Hücre içten dışa doğru HÜCRE ZARI SİTOPLASMA ÇEKİRDEK
HÜCRE ZARI
Hücre zarı ya da hücre membranı, hücrenin dış kısmında bulunan, molekülleri özelliklerine göre hücre içine alan veya dışarı bırakan katmandır.
Hücre Zarı (Plazma Membranı); Her bir hücre Hücre bütünlüğünü sağlayan Seçici gecirgenlik özelliği bulunan Hücre-hücre etkileşimini sağlayan Reseptörleri ile antijenleri, yabancı hücreleri ve değişiklikleri algılayabilen Sitoplazma ve ekstrasellüler ortam arasında bariyer olan Sfesifik moleküller Için taşıyıcı sistemleri oluşturan Ekstrasellüler sinyalleri hücre içi olaylar için dönüştüren bir membrana sahiptir.
Hücre membranları ışık mikroskoplarla gözlenmez, Elektron mikroskopta 7.5 nm kalınlığında, Osmium tetraoksitten dolayı Trilaminar olarak gözlenir. Ünit Membran yapısındadır. Moleküler bileşenleri; Fosfolipitler ve Proteinlerdir.
Membranlardaki Fosfolipit/Protein oranları genellikle 1/1 olmasına rağmen, Miyelin kılıf gibi membranlarda bu oran lipit lehine 4/1 dir. Membranlarda temel yapı; 2 sıralı Fosfolipit tabakası ve buraya gömülü (İntegral) veya tutunmuş (Periferal) Proteinlerdir. Her fosfolipit molekülü hidrofilik polar bir baş kısmına ve hidrofobik nonpolar bir kuyruk kısmına sahiptir. Hidrofilik baş kısımları dışa, kuyruk kısımları birbirine doğru, içe dönük olarak yerleşmiştir.
SİTOPLASMA
Sitoplazma, yarı sıvı matriks olup, plazma zarı ile nukleus arasını doldurur. Sitoplazma, organeller ve bunların içinde yer aldığı koyu kıvamlı sıvı kısım (sitozol)dan oluşur. Bu sıvı kısmın içeriğini enzimler, DNA, aminoasitler, nükleotitler gibi yıkım tepkimeleri sonucu oluşan atık ürünler, koenzimler, iyonlar ve büyük oranda su oluşturur
Bir canlıda saptanan her türlü canlılık olayları sitoplazma içerisinde geçer. Genellikle saydam ve homojen bir kitle oluşturur. Sitoplazma solunum, fotosentez, beslenme, sindirim, boşaltım gibi bütün yaşamsal faaliyetlerin geçtiği yerdir. Bu olaylar ile ilgili tepkimeler sitoplazmanın sıvı kısmına dağılmış enzimler tarafından yapılırken bir kısmı da organellerde gerçekleştirilir. Sitoplazmanın miktarı hücrenin boyutuna göre değişir.

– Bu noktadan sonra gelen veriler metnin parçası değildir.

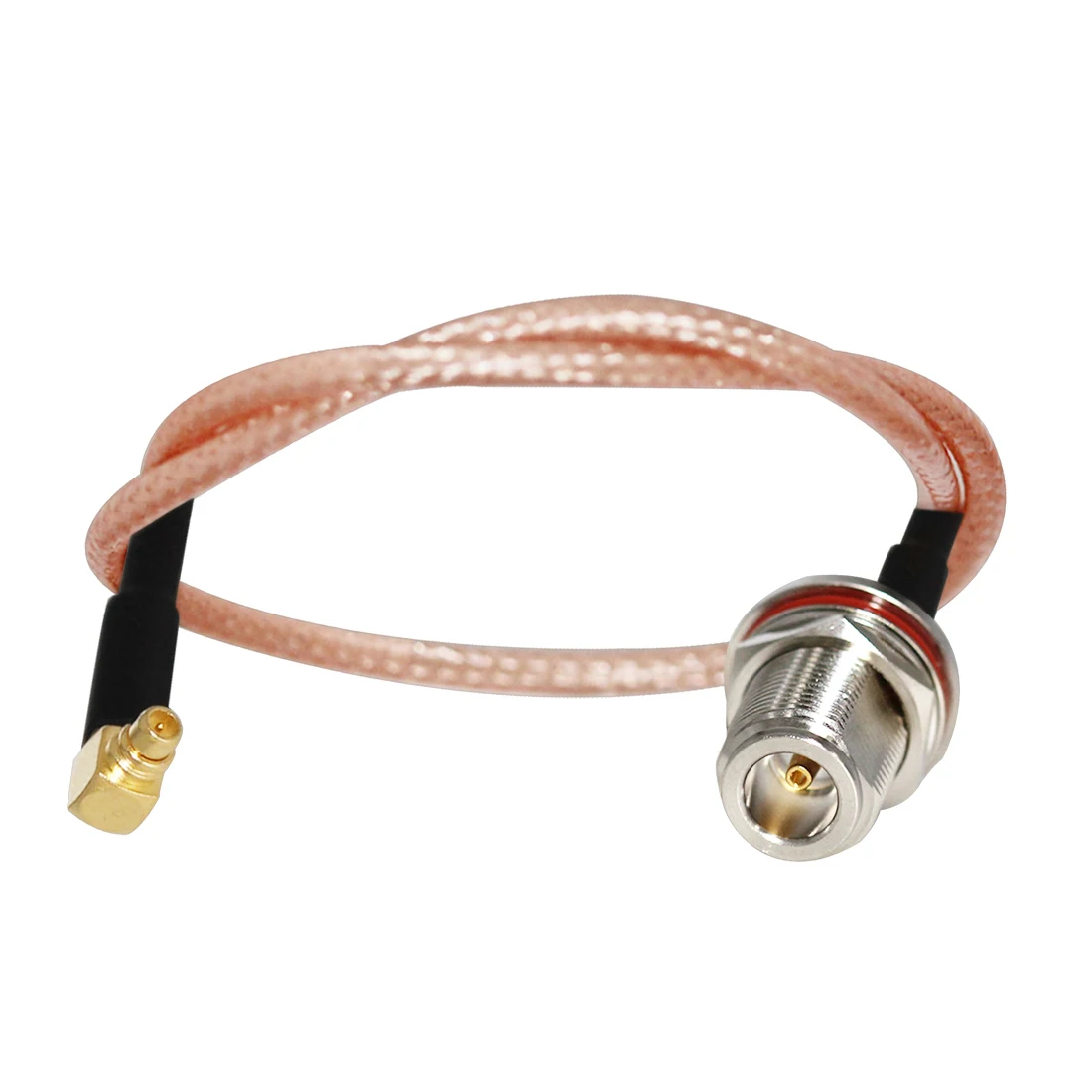N Typ Weibliche Schutzwand Zu MMCX Stecker Rechten Winkel Zopf Kabel RG316 RG174 RG178 15cm/30cm/50cm/100cm Für Wifi Router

Sitoplazma solunum, fotosentez, beslenme, sindirim, boşaltım gibi bütün yasamsal olayların geçtiği yerdir, fakat yoğunluğu sudan daha yüksektir. Bu canlı maddenin özünü proteinler ve su oluşturur. Ayrıca çeşitli enzimler, lipitler, karbonhidratlar ve mineraller de vardır. Suyun bir kısmı bağımsız halde protein moleküllerinin arasını doldurmakta, az bir kısmı ise protein moleküllerine bağlanmış durumda bulunmaktadır.
Tipik bir hayvan hücresinin yapı taşlarını (Organellerini) gösteren çizimi. : (1) Çekirdekçik (2) Çekirdek (3) Ribozomlar (küçük noktalar) (4) Vezikül (5) Granüllü endoplazmik retikulum (ER) (6) Golgi aygıtı (7) Hücre iskeleti (8) Granülsüz endoplazmik retikulum (9) Mitokondriler (10) Koful (11) Sitoplazma (12) Lizozom (13) Sentrozom içindeki Sentriyoller
Tipik bir hayvan hücresinin yapı taşlarını (Organellerini) gösteren çizimi. : (1) Çekirdekçik (2) Çekirdek (3) Ribozomlar (küçük noktalar) (4) Vezikül (5) Granüllü endoplazmik retikulum (ER) (6) Golgi aygıtı (7) Hücre iskeleti (8) Granülsüz endoplazmik retikulum (9) Mitokondriler (10) Koful (11) Sitoplazma (12) Lizozom (13) Sentrozom içindeki Sentriyoller
ÇEKİRDEK
Hücre çekirdeği ya da nükleus, ökaryot hücrelerin çoğunda bulunan zarla kaplı bir organeldir. Hücrenin genetik bilgilerinin çoğu, hücre çekirdeğinin içinde katlı uzun doğrusal DNA molekülleri ile histon gibi birçok proteinin bir araya gelerek oluşturduğu kromozomlarda bulunur.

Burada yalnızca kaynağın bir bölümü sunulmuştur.